WESTERWELLE-Interview für die "Pforzheimer Zeitung"
Berlin. Der FDP-Bundesvorsitzende DR. GUIDO WESTERWELLE gab der "Pforzheimer Zeitung" (Donnerstag-Ausgabe) das folgende Interview. Die Fragen stellten JÜRGEN METKEMEYER und MAGNUS SCHLECHT:
Frage: Herr Westerwelle, welche Voraussetzungen muß man erfüllen, um deutscher Staatsbürger zu werden?
WESTERWELLE: Man muß die Sprache lernen, und man muß unsere Werteordnung, wie sie in der Verfassung steht, akzeptieren und verinnerlichen. Ob man das nachprüfen kann, indem man die Frage stellt, wie drei deutsche Mittelgebirge heißen, wage ich zu bezweifeln.
Frage: Sie haben es erkannt: Die Frage, die wir Ihnen eben gestellt haben, stammt aus dem hessischen Einbürgerungstest. Darin wird unter anderem auch gefragt, was das Wunder von Bern sei. Muß man das wissen, um ein guter Deutscher zu werden?
WESTERWELLE: Wenn ich ehrlich bin, hätte ich das, bevor der Film gezeigt wurde, auch nicht gewußt. Fußball ist nicht mein Steckenpferd.
Frage: Gibt es eine Frage in dem Test, über die Sie sich persönlich geärgert haben?
WESTERWELLE: Nein. Vielleicht sei als Kunstsammler die Gegenfrage erlaubt, warum ausgerechnet nach Caspar David Friedrichs Kreidefelsen gefragt wird.
Frage: Vielleicht, weil der jetzt zum Teil abgebröckelt ist.
WESTERWELLE: Aber es ist nicht eines seiner stärksten Bilder.

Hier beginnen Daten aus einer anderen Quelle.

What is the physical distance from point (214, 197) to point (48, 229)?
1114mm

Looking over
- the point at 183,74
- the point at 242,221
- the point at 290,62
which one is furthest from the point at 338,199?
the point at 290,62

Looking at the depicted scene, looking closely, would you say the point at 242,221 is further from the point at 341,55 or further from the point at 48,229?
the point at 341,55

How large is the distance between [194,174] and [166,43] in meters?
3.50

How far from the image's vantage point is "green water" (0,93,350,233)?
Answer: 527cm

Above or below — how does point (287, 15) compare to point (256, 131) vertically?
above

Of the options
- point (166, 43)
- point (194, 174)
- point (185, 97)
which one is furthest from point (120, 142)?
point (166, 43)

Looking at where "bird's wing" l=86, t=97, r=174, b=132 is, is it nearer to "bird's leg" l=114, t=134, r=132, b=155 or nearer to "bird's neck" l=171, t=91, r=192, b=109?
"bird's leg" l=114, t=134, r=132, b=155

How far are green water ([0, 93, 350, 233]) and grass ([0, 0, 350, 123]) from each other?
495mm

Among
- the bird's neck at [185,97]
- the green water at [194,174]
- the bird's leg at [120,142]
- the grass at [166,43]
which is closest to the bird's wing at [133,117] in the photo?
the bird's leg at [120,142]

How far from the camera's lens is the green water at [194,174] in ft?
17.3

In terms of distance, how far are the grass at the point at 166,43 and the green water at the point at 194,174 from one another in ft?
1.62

Frage: Kann ein Fragebogen zur besseren Integration beitragen?
WESTERWELLE: Ich bin dafür, daß diejenigen, die nach Deutschland kommen, sich integrieren. Wer das nicht will, kann hier nicht bleiben. Ob diese Fragebögen, wie sie derzeit bundesweit diskutiert werden, dem Ziel gerecht werden, wage ich an einigen Stellen sehr zu bezweifeln. Aber daß die Integrationswilligkeit eine Voraussetzung für jede Einbürgerung ist, halte ich für zwingend. Zustände wie Zwangsehen oder sogenannte Ehrenmorde - allein die Bezeichnung ist eine Verhöhnung der Opfer - können wir in Deutschland nicht dulden. Wenn islamistische Patriarchen ihre Töchter aus der Schule holen und zwangsverheiraten, und das Ganze auch noch mit ihrer Religionsfreiheit begründen, dann nicht mit mir und nicht in Deutschland.
Frage: Wie viel Wahlkampf steckt in der Debatte um den Fragebogen?
WESTERWELLE: Das ist die Methode Koch, so etwas kurz vor der Wahl zu entdecken. Ich empfehle die Art und Weise, wie man die Integrationswilligkeit nachvollzieht und testet, ruhig und sachlich zwischen allen Bundesländern zu besprechen. Denn es ist nicht nachvollziehbar, daß ein Land einen solchen Test beschließt, und die anderen Länder damit nicht einverstanden sind. Es kann doch nur bundeseinheitliche Einbürgerungsstandards geben. Ansonsten kann man irgendwann im rot-roten Berlin reinkommen und zieht anschließend nach Hessen um.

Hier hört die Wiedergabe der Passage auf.